En el Sha las copias eran horribles. Ponían un cartelito: "Estado de la copia: mediocre". Esto significaba que no se veía un pomo. Vi Bésame mortalmente, esa obra cumbre de Robert Aldrich, con Ralph Meeker haciendo de Mike Hammer y no me enteré de nada. Ni siquiera sabía por qué Hammer mataba tanta gente. Acaso no fuera necesario saberlo: si Hammer los mataba eran malos tipos. O peor: comunistas. Mi mujer, Bertotto, antes de conocerme, llevó a su hijo Nicolás muy pequeñito y no lo quisieron dejar entrar. Daban Vivir de Kurosawa. (¡Qué película, eh!) Bertotto le rogó al boletero y al que cubría la puerta de entrada. "Bueno, dele", le dijeron. "Gracias –dijo–, Kurosawa se lo merece." Una vez, la Cinemateca dio Ultimos días del víctima. Se había corrido una noticia inquietante: que los militares (sería el '83) la habían prohibido. ¡La de gente que había! Estaba Alan Pauls, jovencito, con la misma sonrisa de ahora. "¿Quién te iba a decir cuando editaste esta novela que un día iba a armar todo este despelote?" A la salida, me dice: "Suena divertido el cartelito ese que Adolfo (Aristarain) puso al final: Nada de esto tiene que ver con la realidad". La gente salía con la certeza de haber visto el fruto prohibido. No fue así: los milicos no prohibieron la película. No porque se hubieran vuelto más aperturistas, sino porque no la entendían o porque ni siquiera la habían visto.

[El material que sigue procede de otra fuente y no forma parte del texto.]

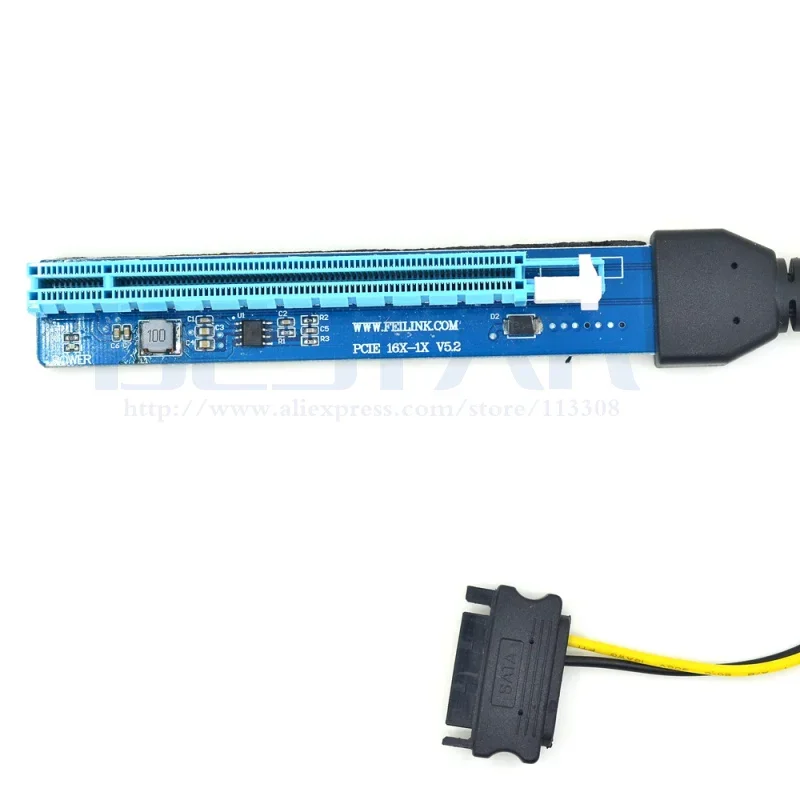 0.6 متر بطاقة الناهض PCI-E PCIE كومبو PCI Express 1x إلى 16x موسع SATA محول الطاقة التعدين Bitcion مينر 570 580 بطاقة الرسومات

La Lugones tenía mejores copias. Ascensor, entrada por la izquierda y salida por la derecha. Mucha oscuridad. Todavía se iba al cine por los dos esenciales motivos por los que siempre se fue: o para ver la película o para apretar con la novia. Los que apretaban con la novia, atrás. Los otros, adelante. Como la sala no era muy grande algunos gemiditos nos llegaban a los que estábamos, ahí, cerquita de la pantalla. En la Lugones vi tantas buenas películas que me agotaría nombrándolas. Forma parte de la historia de todos nosotros. Vi Cuéntame tu vida. Vi La noche americana. Hasta cierta vez vi Un verano con Mónica. Y no bien vi las suequísimas tetas de Harriet Andersson que no había podido ver de pibe, me dije: "¿Tanto lío por esto?". Ya había visto cosas mejores a esa altura. Pero, debí reconocer, que de haberlas visto de pibe, habría caído en cama con fiebre durante una entera semana. Y con grandes beneficios: me habría librado de unos cuantos días de colegio y, entre las cumbres desorbitadas del termómetro, el calor de los sobacos y el sudor caliente que me humedecía la cara, me habría visitado, en la realidad o en mis sueños enfebrecidos –lo mismo daba–, la mismísima, la imposible Harriet Andersson.